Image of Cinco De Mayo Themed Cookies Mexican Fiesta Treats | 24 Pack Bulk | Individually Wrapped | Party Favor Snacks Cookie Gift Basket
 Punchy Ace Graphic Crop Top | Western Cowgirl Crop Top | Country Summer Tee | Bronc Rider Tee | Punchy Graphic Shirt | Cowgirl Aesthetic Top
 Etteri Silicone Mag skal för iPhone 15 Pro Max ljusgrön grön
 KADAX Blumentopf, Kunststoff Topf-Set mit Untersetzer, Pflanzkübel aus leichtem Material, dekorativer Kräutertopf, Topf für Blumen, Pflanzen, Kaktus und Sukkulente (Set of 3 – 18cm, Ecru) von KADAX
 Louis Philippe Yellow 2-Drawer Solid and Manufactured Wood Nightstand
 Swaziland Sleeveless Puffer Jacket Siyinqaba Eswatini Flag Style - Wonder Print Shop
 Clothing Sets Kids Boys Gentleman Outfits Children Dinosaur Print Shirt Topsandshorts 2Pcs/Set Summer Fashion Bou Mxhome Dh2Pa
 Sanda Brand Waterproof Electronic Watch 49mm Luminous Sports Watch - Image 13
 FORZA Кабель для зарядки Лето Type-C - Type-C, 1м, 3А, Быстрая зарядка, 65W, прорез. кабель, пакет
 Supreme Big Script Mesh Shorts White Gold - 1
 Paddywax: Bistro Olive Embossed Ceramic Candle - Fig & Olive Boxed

────

### WHAT YOU WILL DO
Set down only these lines, exactly: the line containing "Sanda Brand Waterproof" and each line after it, through the end of the listing.

### TASK RESULT
 Sanda Brand Waterproof Electronic Watch 49mm Luminous Sports Watch - Image 13
 FORZA Кабель для зарядки Лето Type-C - Type-C, 1м, 3А, Быстрая зарядка, 65W, прорез. кабель, пакет
 Supreme Big Script Mesh Shorts White Gold - 1
 Paddywax: Bistro Olive Embossed Ceramic Candle - Fig & Olive Boxed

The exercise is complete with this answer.